- RECORDS SUPPLIED:
════
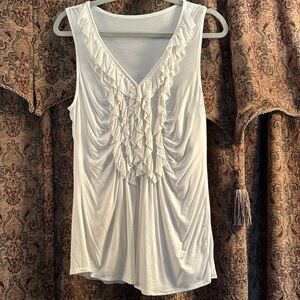 Adorable cream color dressy, stretchy tank top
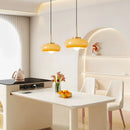 Axyaa Copper Bauhaus LED Pendant Light with Orange Glass for Home Indoor Lighting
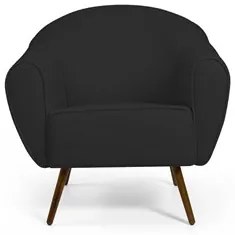 Kit 2 Poltronas Decorativas Nina Pés Palito Madeira D-465 Linho Chumbo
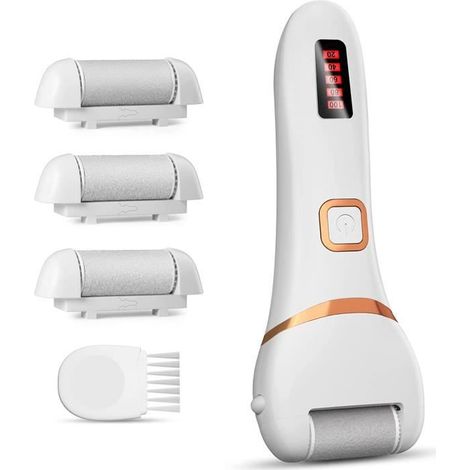 Râpe à Pieds Électrique 2 Vitesses avec 3 Rouleaux de Remplacement Étanche (1/4)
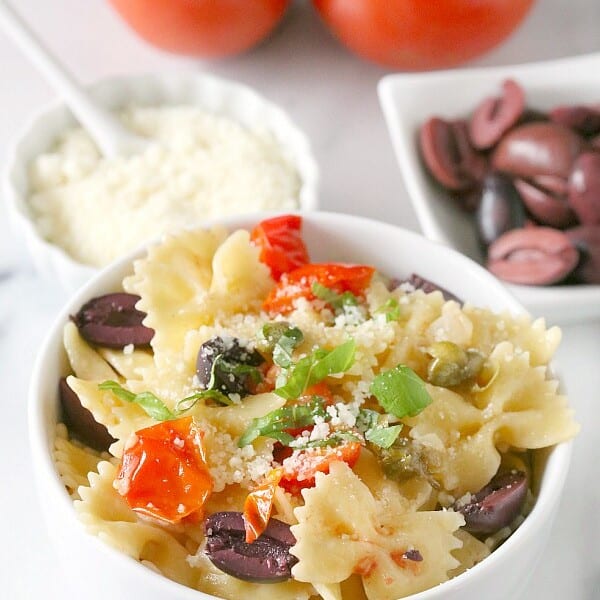 {20 Minute} Kalamata Olive, Tomato and Caper Pasta by Nutmeg Nanny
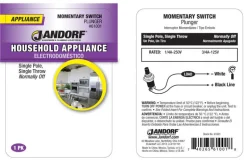 Jandorf 0.25 amps Single Pole Momentary/Normally Off Appliance Switch Black/Silver 1 pk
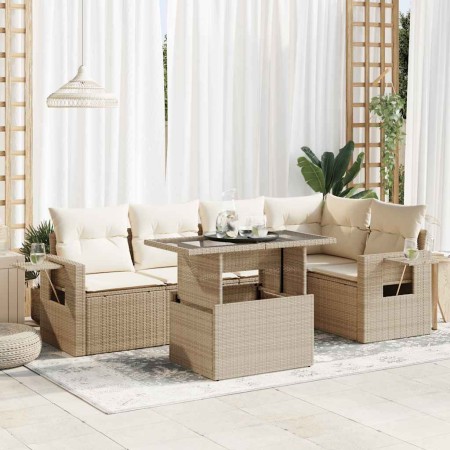 Juego de sofás jardín con cojines 6 pzas ratán sintético beige von , Gartensets - Ref: Foro24-3326479, Preis: 520,84 €, Rabat...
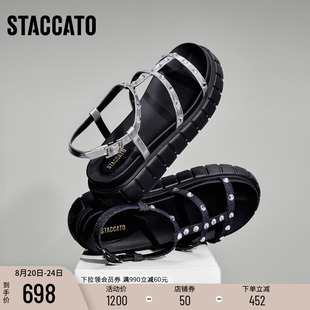 思加图新款 女EJO22BL4 罗马繁星凉鞋 银色厚底增高沙滩凉鞋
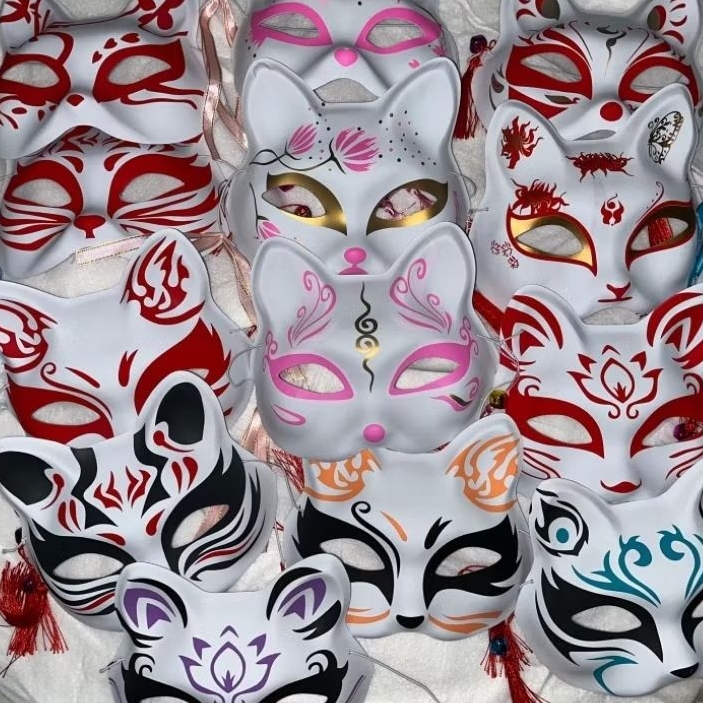 KITSUNE FOX BUNKASAI JAPANESE FESTIVAL CAT COSPLAY MASK FOX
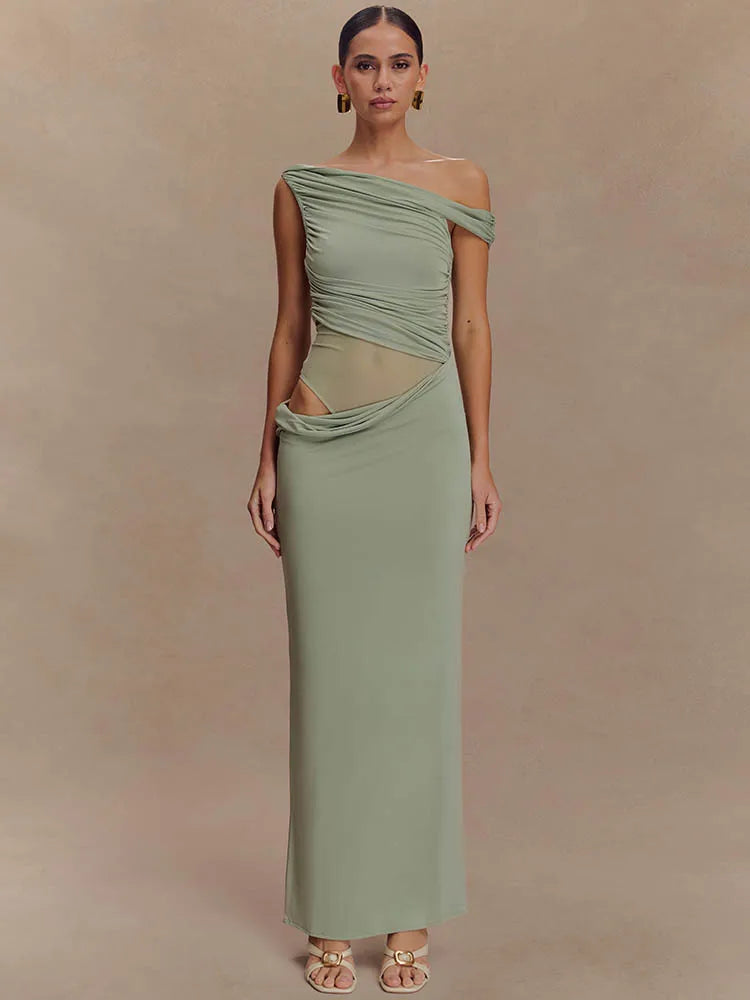 One Shoulder Slinky Sexy Maxi Dress Women Summer Fashion Backless Sleeveless Split Club Party Long Dress Elegant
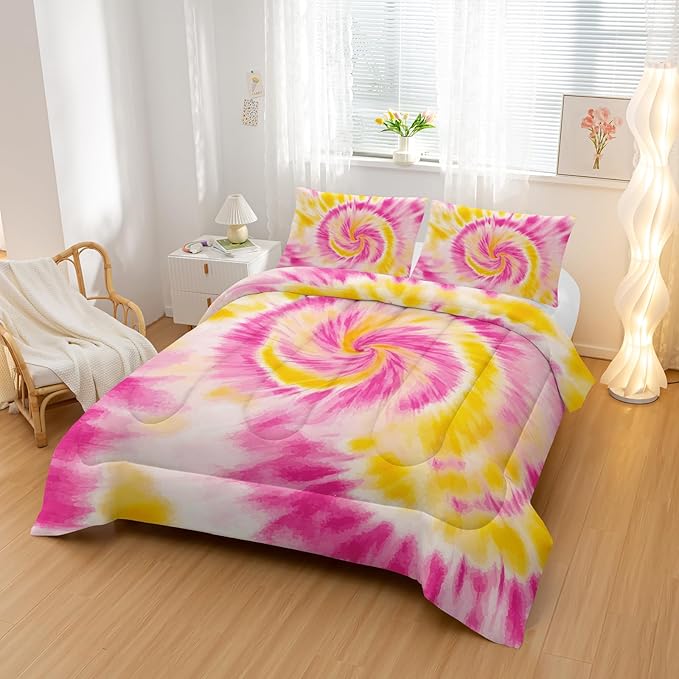 Pink Tie-dye Comforter Sets Twin Size,Abstract Modern Art Bedding Set for Your Room,Graffiti Soft Lightweight Quilted Set All Season 1 Comforter and 2 Pillowcases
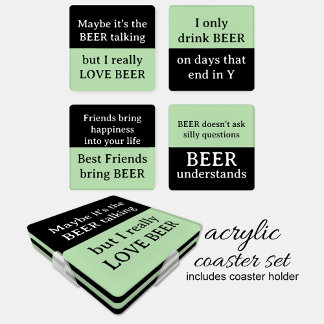 Beer lover green black coaster set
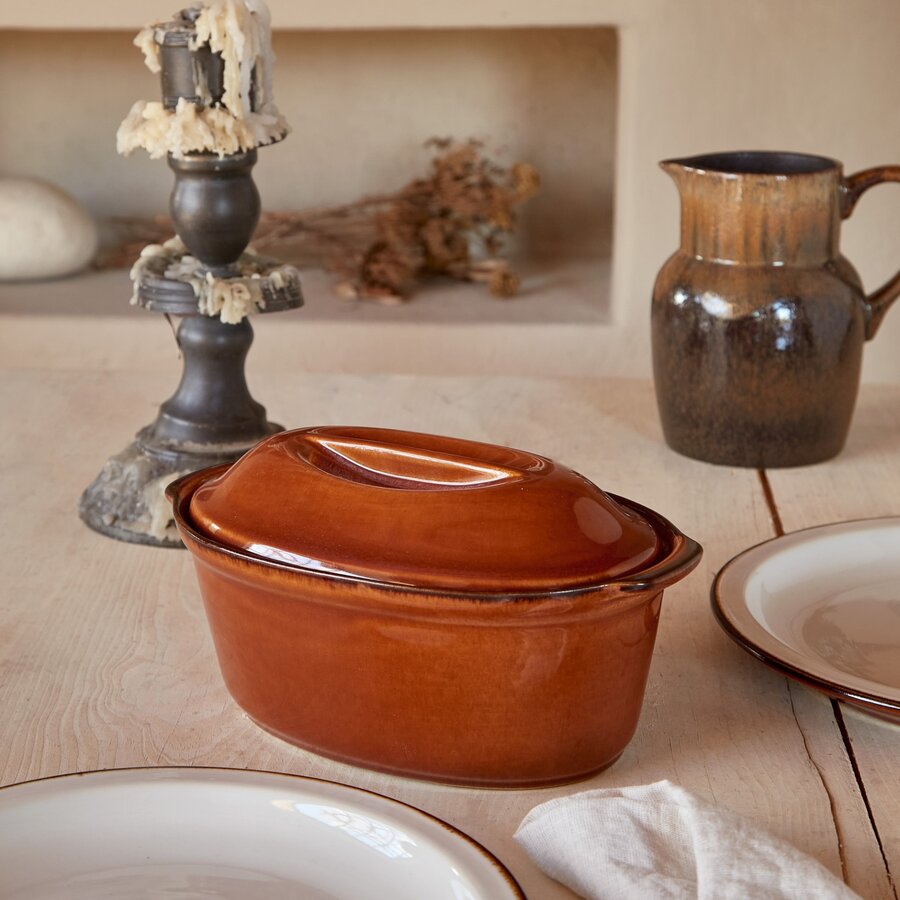 Oval Dish With Lid 25 cm Poterie Caramel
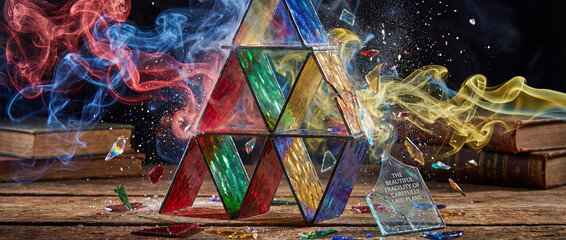 Stained glass house of cards shattering into pieces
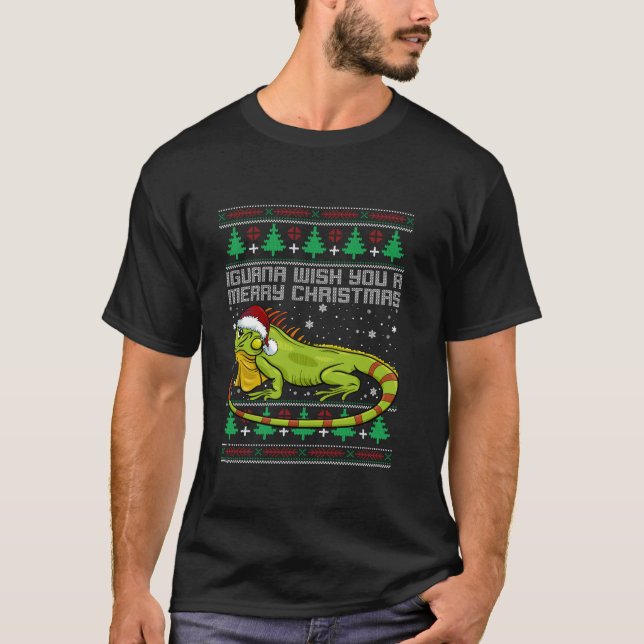 Camiseta Iguana Ugly Christmas Sweater Xmas Lizard Long Sle (Frente)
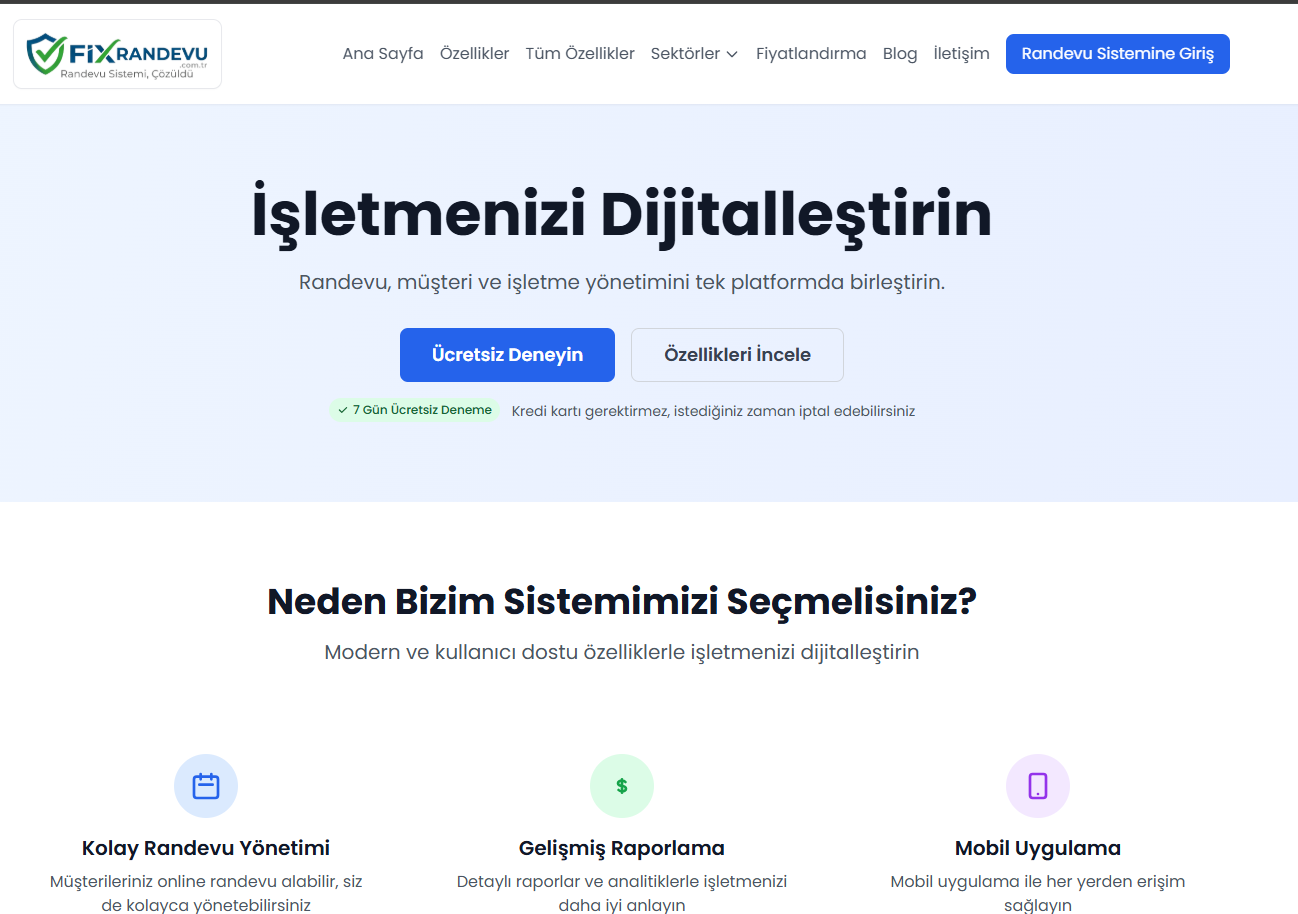 FixRandevu | Online Randevu Sistemi ve Salon Yönetim Yazılımı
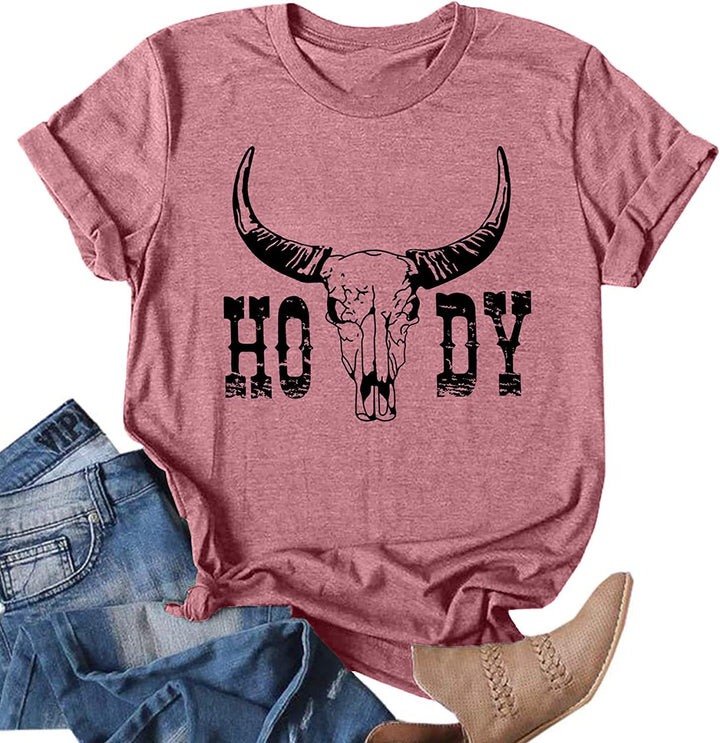 Damen Vintage-inspiriertes Grafik-T-Shirt mit Western-Schädel-Design Drune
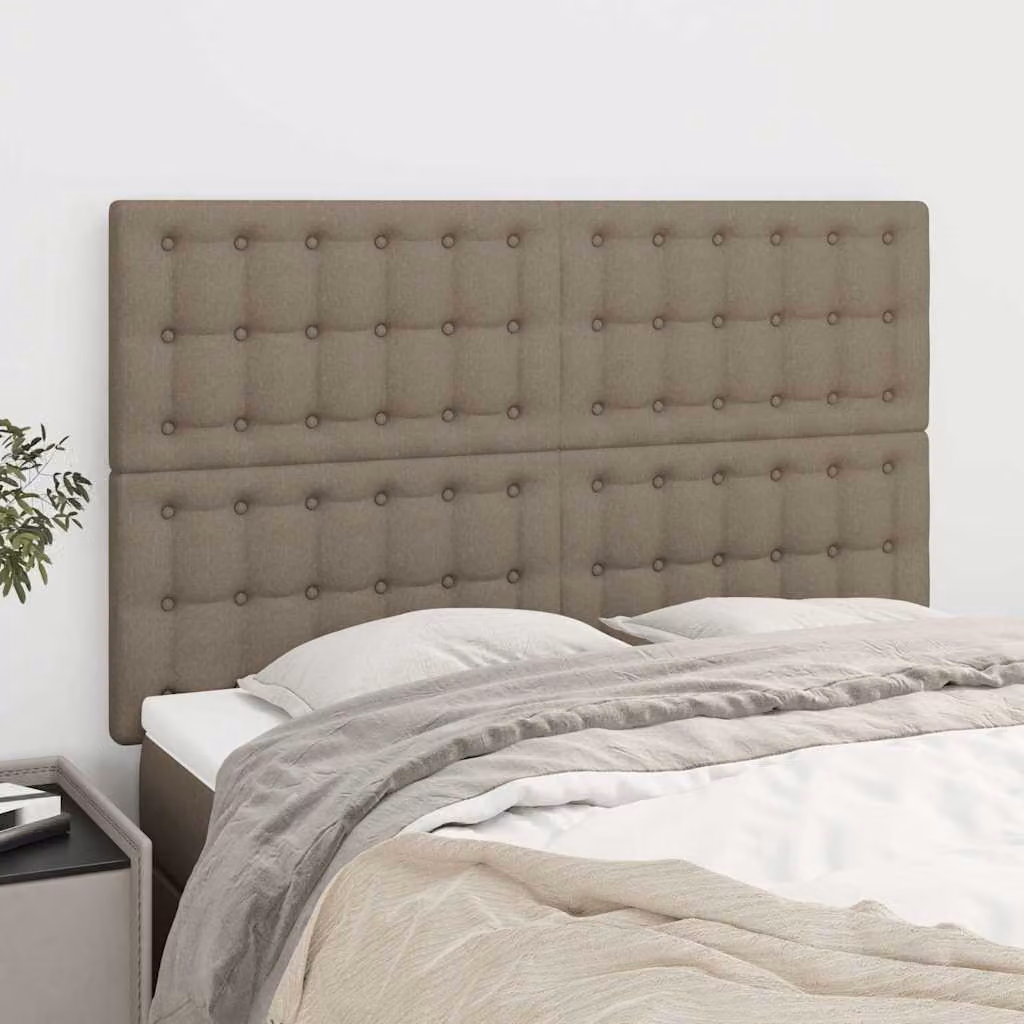 Testiera per letto imbottita vidaXL in tessuto color tortora L: 144 cm, P: 5 cm, H: 118-128 cm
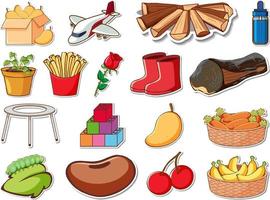 Sticker set of mixed daily objects vector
════
- PROBLEM DESCRIPTION: Return exactly the part of the listing above that opens with the line containing "Pink Tie-dye Comforter" and closes with the line containing "Camiseta Iguana Ugly". Pictures stay out.

- PROBLEM SOLUTION:
 Pink Tie-dye Comforter Sets Twin Size,Abstract Modern Art Bedding Set for Your Room,Graffiti Soft Lightweight Quilted Set All Season 1 Comforter and 2 Pillowcases
 Beer lover green black coaster set
 Oval Dish With Lid 25 cm Poterie Caramel
 Stained glass house of cards shattering into pieces
 Camiseta Iguana Ugly Christmas Sweater Xmas Lizard Long Sle (Frente)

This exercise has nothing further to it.